▶ **Exercise directions**: Return nothing but the lines from the one with "Our Veg Sizzler" through the one with "Eiskaffee. Leckerer Eiskaffee" in the data below, word for word and without pictures.

▶ **Provided data**:
—————
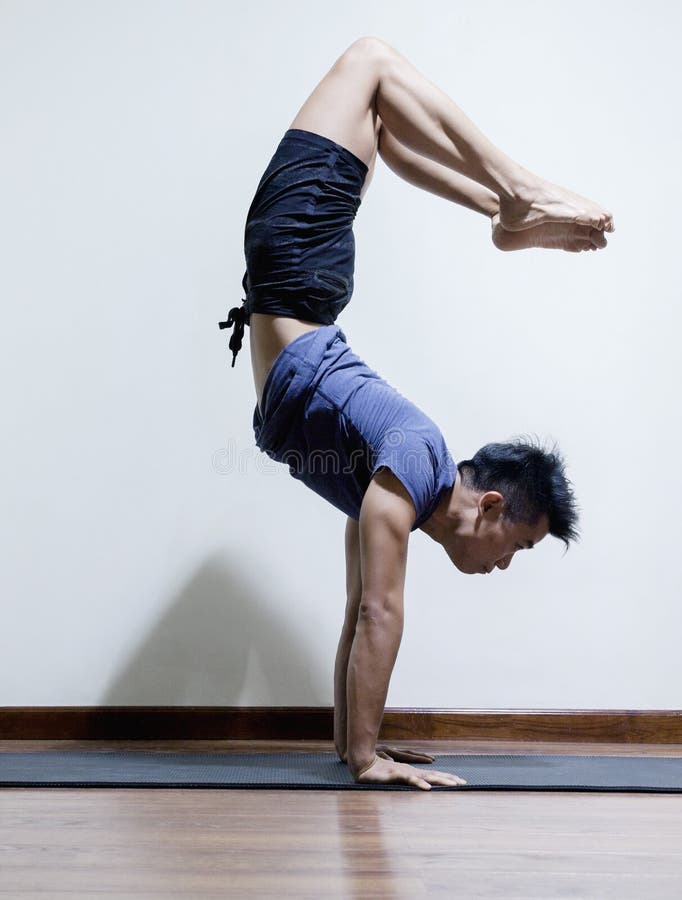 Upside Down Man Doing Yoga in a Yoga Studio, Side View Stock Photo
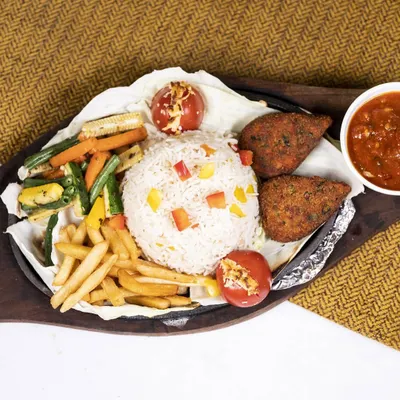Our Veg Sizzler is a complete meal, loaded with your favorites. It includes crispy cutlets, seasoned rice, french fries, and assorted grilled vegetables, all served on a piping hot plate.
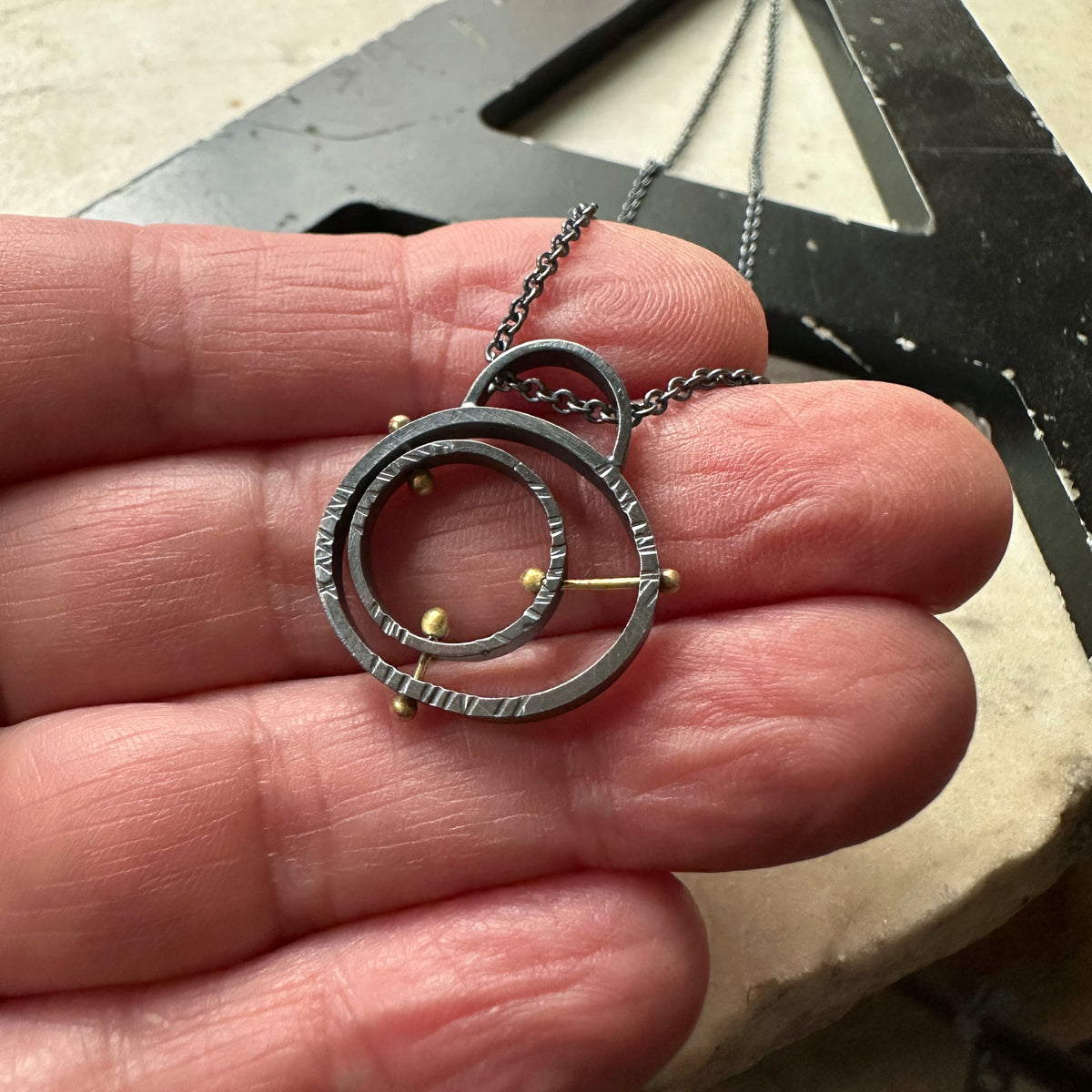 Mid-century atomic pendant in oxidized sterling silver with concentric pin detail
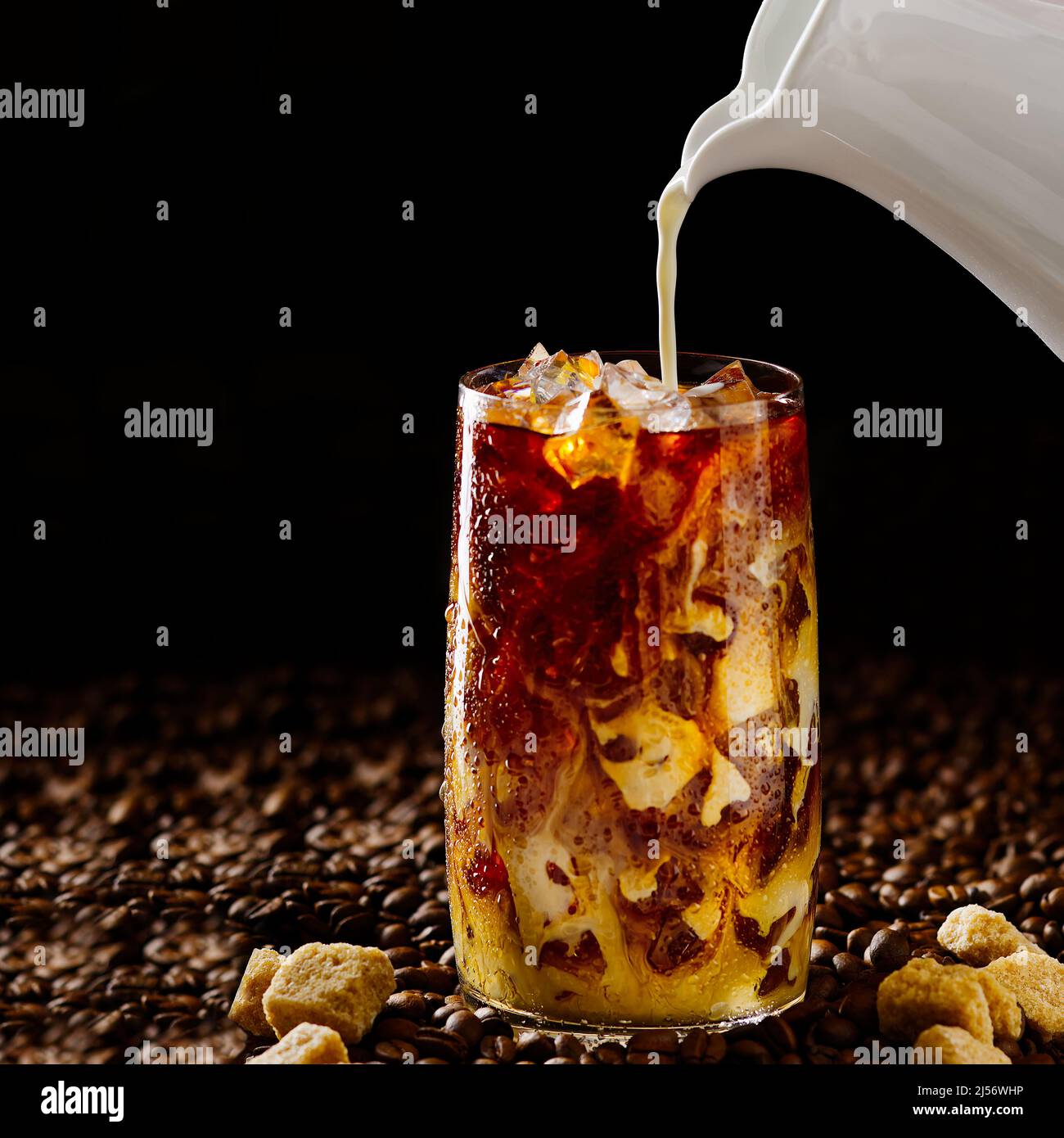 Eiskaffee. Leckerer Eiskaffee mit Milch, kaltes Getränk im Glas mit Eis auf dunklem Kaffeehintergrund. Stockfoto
—————
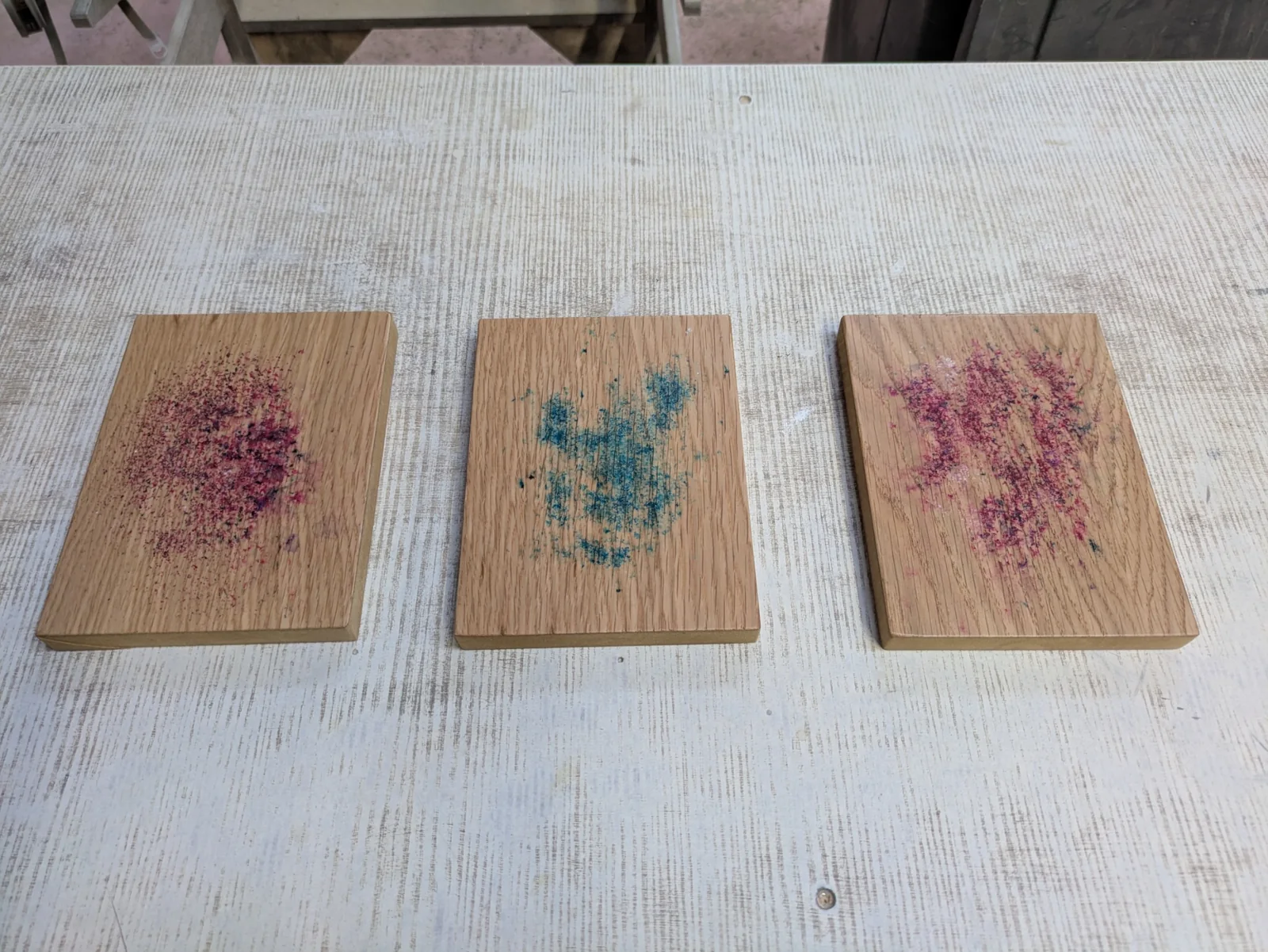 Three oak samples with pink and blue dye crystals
—————
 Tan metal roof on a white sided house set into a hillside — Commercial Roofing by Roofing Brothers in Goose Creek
—————
▶ **Result**:
Our Veg Sizzler is a complete meal, loaded with your favorites. It includes crispy cutlets, seasoned rice, french fries, and assorted grilled vegetables, all served on a piping hot plate.
 Mid-century atomic pendant in oxidized sterling silver with concentric pin detail
 Eiskaffee. Leckerer Eiskaffee mit Milch, kaltes Getränk im Glas mit Eis auf dunklem Kaffeehintergrund. Stockfoto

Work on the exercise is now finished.